Flow diagram illustrating which profiling techniques were applied to which samples. Biopsies taken from index CIS lesions were stored as fresh frozen (FF) and formalin-fixed paraffin embedded (FFPE). DNA was extracted from FF biopsies. The first 54 samples studied that had sufficient extracted DNA passing quality control (QC) underwent first methylation profiling, then whole-genome sequencing (WGS) when sufficient remaining DNA was available. Due to the low DNA quantity extracted from some biopsies, the methylation dataset (n = 54) was larger than the WGS data set (n = 29), therefore the subsequent 10 samples underwent WGS directly without methylation profiling. RNA was extracted from FFPE samples and underwent gene expression profiling when RNA passed QC. To ensure validity of our conclusions across orthogonal platforms we used Illumina microarrays to profile a discovery set of 33 samples, then subsequently used Affymetrix microarrays to profile an independent validation set of 18 further samples.
Extended Data Fig. 2 Mutational signatures of CIS lesions.

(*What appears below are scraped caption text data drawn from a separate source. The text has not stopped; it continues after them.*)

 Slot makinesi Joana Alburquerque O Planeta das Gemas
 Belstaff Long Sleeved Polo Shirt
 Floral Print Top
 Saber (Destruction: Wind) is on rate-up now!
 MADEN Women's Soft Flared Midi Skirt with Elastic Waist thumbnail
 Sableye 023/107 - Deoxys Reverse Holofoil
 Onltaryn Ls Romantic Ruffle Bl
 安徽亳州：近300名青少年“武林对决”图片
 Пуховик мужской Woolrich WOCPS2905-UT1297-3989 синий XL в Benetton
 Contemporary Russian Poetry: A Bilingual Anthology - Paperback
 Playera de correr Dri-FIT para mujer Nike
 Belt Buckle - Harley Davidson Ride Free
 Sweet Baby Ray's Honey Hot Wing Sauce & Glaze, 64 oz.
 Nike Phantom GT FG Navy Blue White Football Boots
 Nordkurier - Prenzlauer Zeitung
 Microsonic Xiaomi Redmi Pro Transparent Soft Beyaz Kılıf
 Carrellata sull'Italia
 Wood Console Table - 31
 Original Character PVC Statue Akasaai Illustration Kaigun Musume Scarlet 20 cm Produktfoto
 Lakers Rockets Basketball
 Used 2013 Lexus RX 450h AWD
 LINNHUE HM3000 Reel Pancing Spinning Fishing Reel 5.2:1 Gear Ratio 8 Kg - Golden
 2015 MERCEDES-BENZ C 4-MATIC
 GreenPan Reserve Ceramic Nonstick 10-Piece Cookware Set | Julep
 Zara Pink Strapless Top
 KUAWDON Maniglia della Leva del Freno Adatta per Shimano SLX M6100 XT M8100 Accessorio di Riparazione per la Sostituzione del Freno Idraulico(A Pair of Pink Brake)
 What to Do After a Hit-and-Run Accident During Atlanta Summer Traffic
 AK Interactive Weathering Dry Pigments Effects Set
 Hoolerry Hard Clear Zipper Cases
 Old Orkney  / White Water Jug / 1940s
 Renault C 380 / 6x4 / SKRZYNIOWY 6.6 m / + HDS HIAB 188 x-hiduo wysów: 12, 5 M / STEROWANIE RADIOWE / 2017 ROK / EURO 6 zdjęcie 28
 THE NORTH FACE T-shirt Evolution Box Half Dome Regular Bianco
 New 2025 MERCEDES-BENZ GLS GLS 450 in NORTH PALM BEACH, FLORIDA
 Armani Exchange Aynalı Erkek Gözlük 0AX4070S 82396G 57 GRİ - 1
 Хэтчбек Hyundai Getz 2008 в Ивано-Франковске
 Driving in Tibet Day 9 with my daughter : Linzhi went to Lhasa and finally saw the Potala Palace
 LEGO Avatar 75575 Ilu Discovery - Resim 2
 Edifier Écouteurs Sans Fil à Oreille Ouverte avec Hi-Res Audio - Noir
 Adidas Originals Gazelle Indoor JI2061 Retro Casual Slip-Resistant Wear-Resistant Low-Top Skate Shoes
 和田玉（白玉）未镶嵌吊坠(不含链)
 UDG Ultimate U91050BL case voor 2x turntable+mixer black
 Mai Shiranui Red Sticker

a–d, The contribution of each of five pre-selected mutational signatures to each lesion is shown. These five mutational signatures, associated with CpG deamination (1), APOBEC (2 and 13), tobacco (4) and unknown aetiology (5), were selected based on an initial run using all 30 mutational signatures, which showed that these were present in the data and in signature extractions from lung squamous cell cancer (LUSC) datasets. The number of substitutions attributed to each signature is shown (a-b) as well as the proportion of mutations attributed to each mutational signature (c-d). Samples from the same patient share the same identifier except for the final letter; for example, PD21883a and PD21883d are two samples from the same patient. e, Comparison of the mutational signatures of CIS lesions to those found in lung squamous cell cancer (LUSC). LUSC data were downloaded from TCGA and mutations called with our algorithms. All mutations from all samples from each cancer type were pooled for this analysis. The colour scale indicates the proportion of substitutions in each sample that are attributed to each signature. f-j, Comparison of the relative proportion of mutations attributed to each signature between progressive (red; n = 29) and regressive (green; n = 10) CIS samples. P values were calculated using likelihood ratio tests of a mixed effects model with outcome (progressive or regressive) included as a fixed effect versus a model that was identical but for the fact that outcome was not included as a fixed effect. Only signature 4 (smoking-associated) was significantly different between the two groups. Boxplots are generated using the R boxplot function, which displays the first and third quartile as hinges and places whiskers at the most extreme data point that is no more than 1.5 times the length of the box away from the box.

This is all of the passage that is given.